But he said this was starting to shift, partly driven by the increasing localisation of beer makers.

Of the nearly 600 microbreweries nationally, Mr Cook said about two-thirds were located in regional areas.

He said this provided a new point of interest and potential employer in a regional town, but also inspired collaborations with other local businesses, such as food producers or growers.

He said one of the biggest challenges was that the middlemen between grain producers and breweries was maltsters, which were also focused on larger markets, although there were some smaller scale operations popping up.

"We are seeing some 'paddock to glass' brewers," he said. "In Tas, there is even someone who grows their own hops on the same property."

He said the change was a "slow build".

"There has always been a link to agriculture at the mass level, but there is a growing artisanal approach from the brewers' side that is flowing back to growers," he said.

Mr Cook said there was also some room for experimentation, with some brewers using fruit or different grains.

In SA, the Lobethal Bierhouse has used sorghum and lentils in its beer.

"The great thing about brewing, it has a very short production cycle and likely a tap room in the brewery," he said. "(Brewers) can be quite innovative and experimental and get direct feedback from their consumers."

Barley Australia executive chair Megan Sheehy said many growers chose to produce malt barley because of the sense of a relationship with the end product.

She said Australia had a reputation for high quality malt barley, but for many global maltsters and brewers, price was still the key driver.

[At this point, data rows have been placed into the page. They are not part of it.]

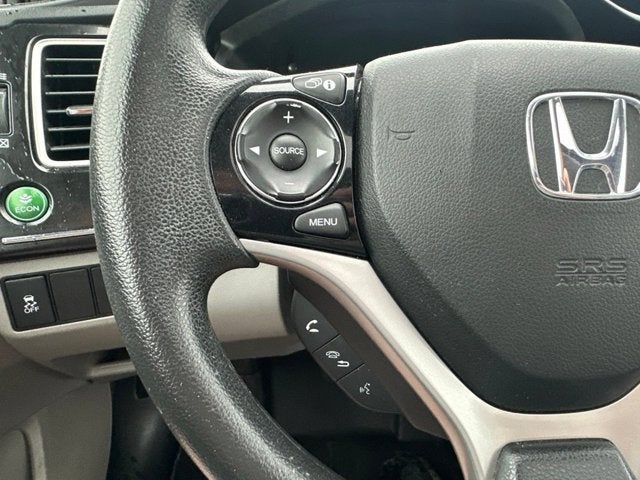 2015 Honda Civic EX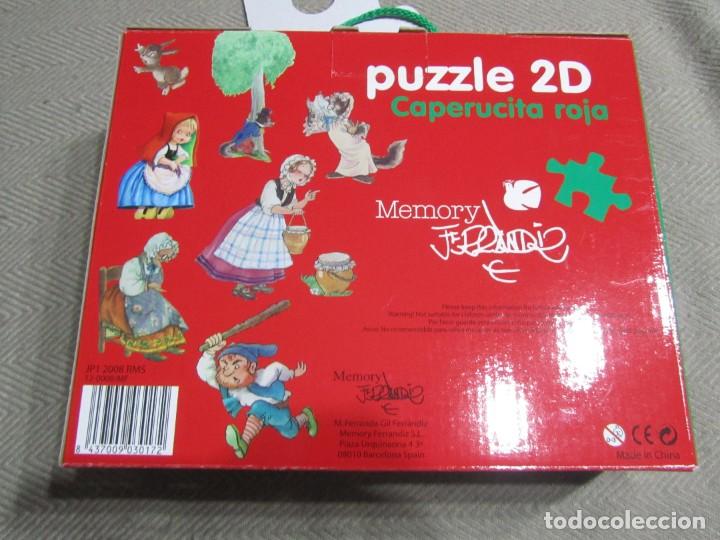 Puzzles: FERRANDIZ, MEMORY FERRANDIZ, PUZZLE 2D, CAPERUCITA ROJA - Foto 2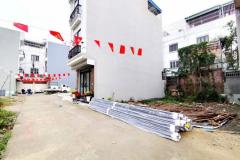 Bán 2 lô liền nhau tại Vĩnh Niệm, ngõ 4m ô.tô ra vào Giá 2.5 tỉ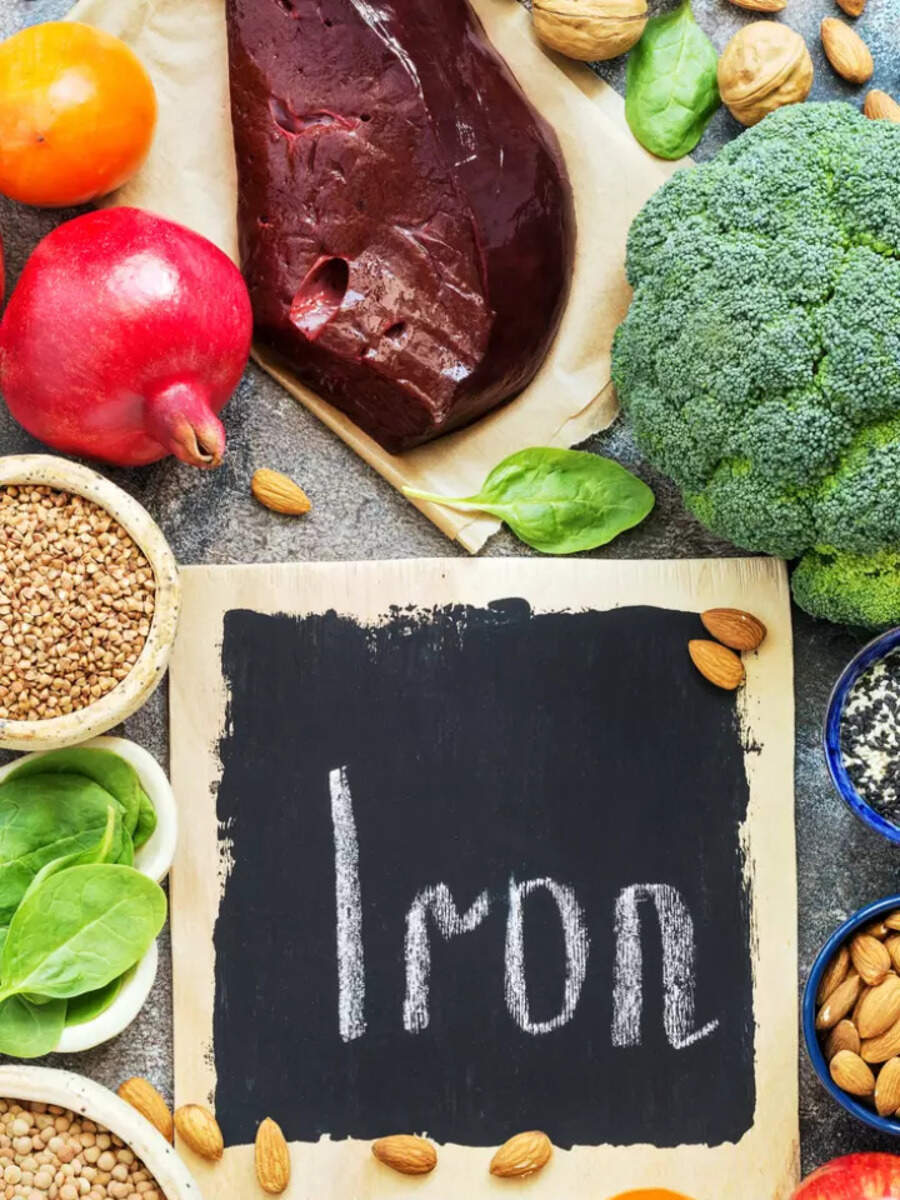 9 foods with more iron than spinach Times of India
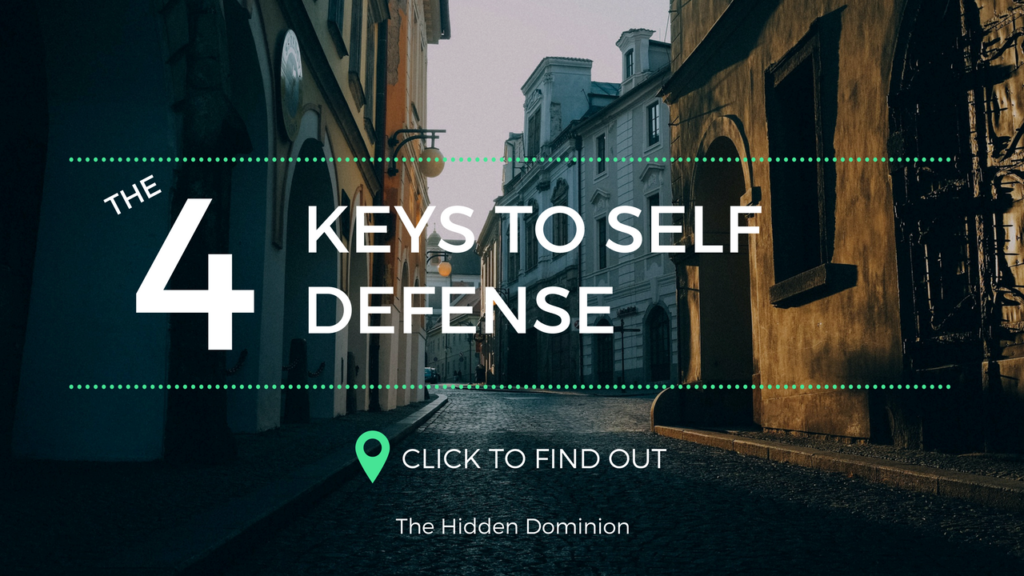 The 4 Keys to Self Defense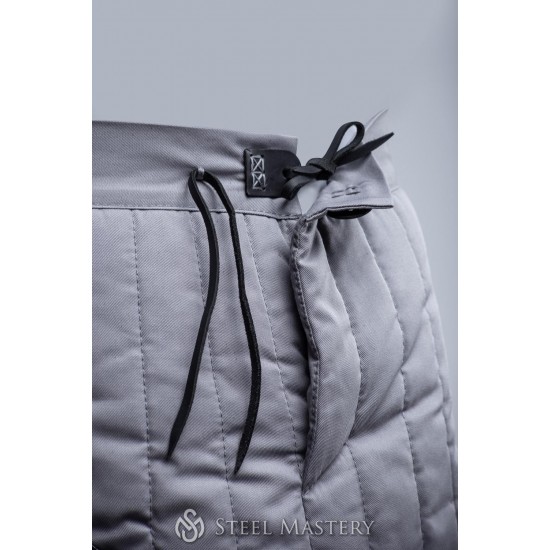 Skirt Quilted & Padded Armor Medieval Costumes Renaissance Knight LARP Dress Historical Clothing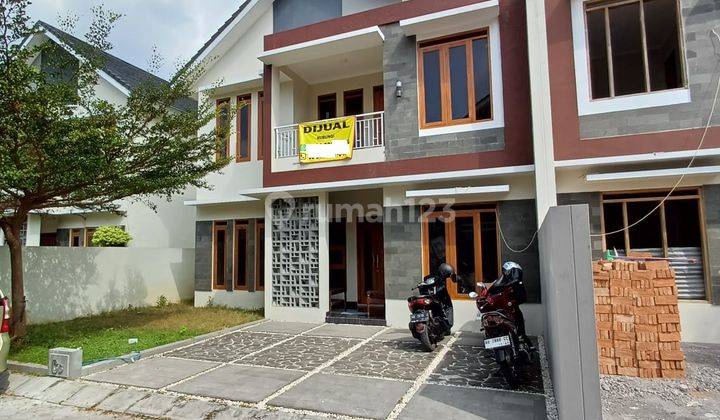 Rumah Modern Siap Huni Dalam Perum One Gate Dekat Candi Sambisari 1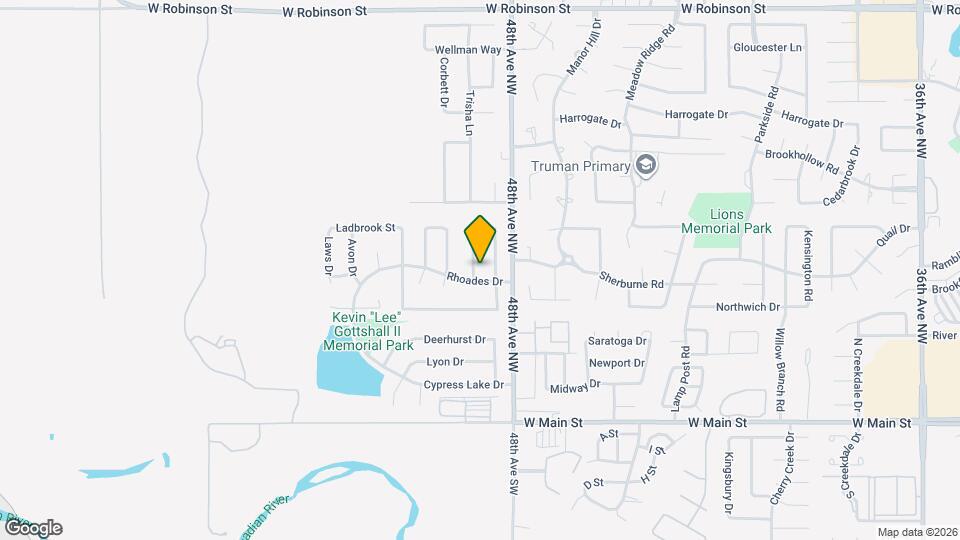 405 Edwards Dr Map and Location Details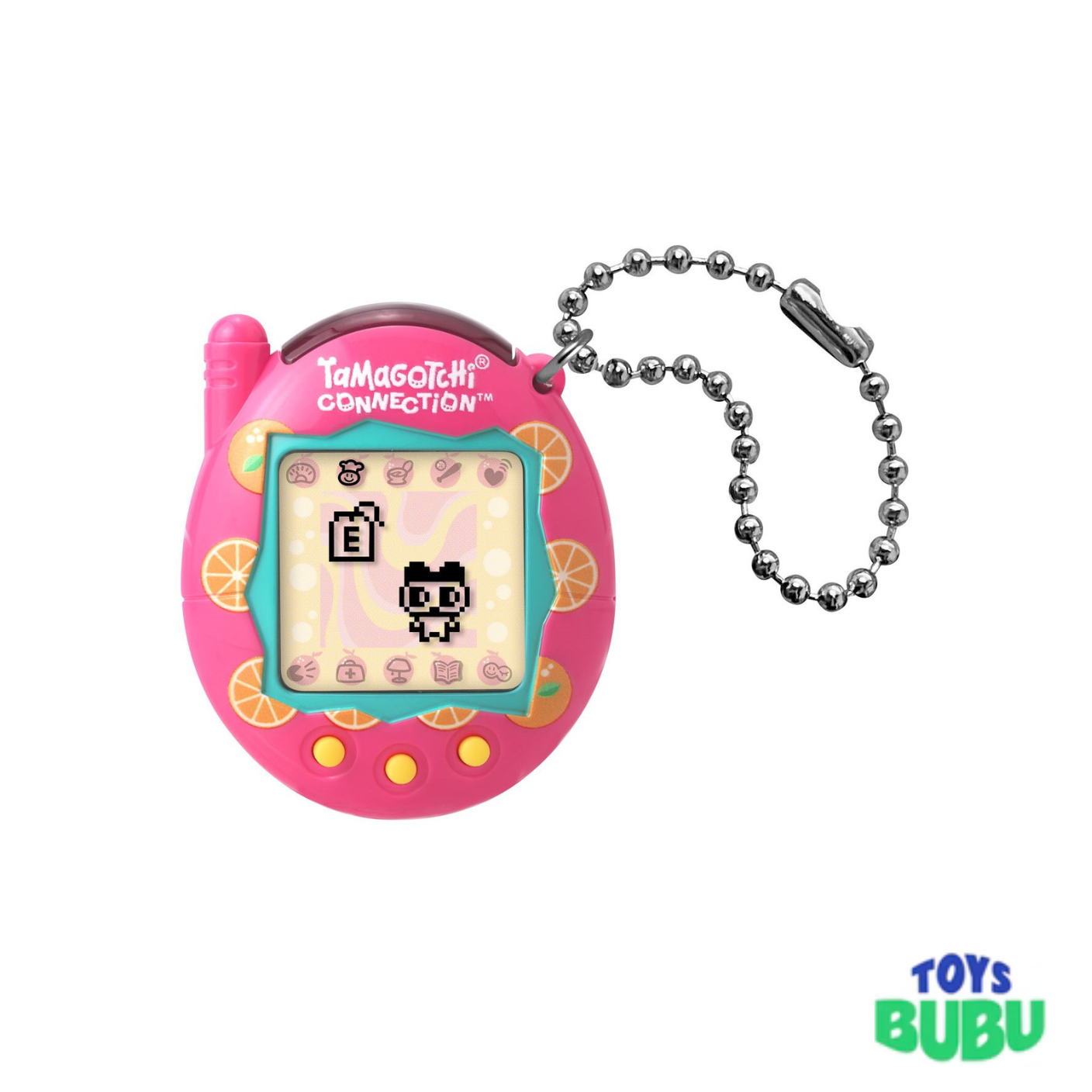 Tamagotchi Connection Citrus Digital Pet – Interactive Virtual Toy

There has also been a link to agriculture at the mass level, but there is a growing artisanal approach from the brewers' side that is flowing back to growers. - JAMIE COOK

"Some craft brewers are willing to pay a premium for provenance story - if it's important to them, they will pay more, but not everyone is in the position to do that," she said.

"Most brewers will have to consider price cycle, which is largely driven by global pricing rather than local demand."

She said there were cases of direct relationships between brewers and growers for some niche malting barley varieties.

Dr Sheehy said despite the small volumes involved, these still played an important role in the diversification of barley markets for Australian growers.

'HERO' PRODUCT NEEDS GOOD STORY

YORKE Peninsula graingrower Mark Schilling and the team at AG Schilling & Co have been taking a proactive approach when promoting their produce.

They set up their own beer under their own food label - Yorke Premium - made on a contract basis by regional microbreweries - and has begun marketing their own malted barley.

"We had to hero the product we grow," he said.

Mr Schilling, alongside AG Schilling & Co's Alan Harris and Neil Wittwer, began by visiting 13 microbreweries across SA.

"As a supplier of malt barley, I wanted to hear from customers - the breweries - what they are looking for," he said. "They're looking for providence and price."

They sent one tonne of malt barley interstate to Voyager Craft Malt, Whitton, NSW, with the end product used to make the first batch of Malbro-Mid Kolsch Ale.

He said working with a small quantity made it expensive, so for the second year they scaled it up, buying back 75t of their own Banks barley - an Intergrain variety malted at Coopers Maltings.

This was used for a second batch of beer or sold on to breweries and distilleries.

"My vision is more and more consumers will want to know where their product is grown," he said.

"This will help microbreweries facilitate a 'paddock to pint' experience."

My vision is more and more consumers will want to know where their product is grown. - MARK SCHILLING

He said the need for this push was evident at the recent Adelaide Beer and BBQ Festival.

"There were probably 50 or 60 breweries there and not one talked about the barley - they talk about the hops but never barley," he said.

"Let's start talking about barley and its story."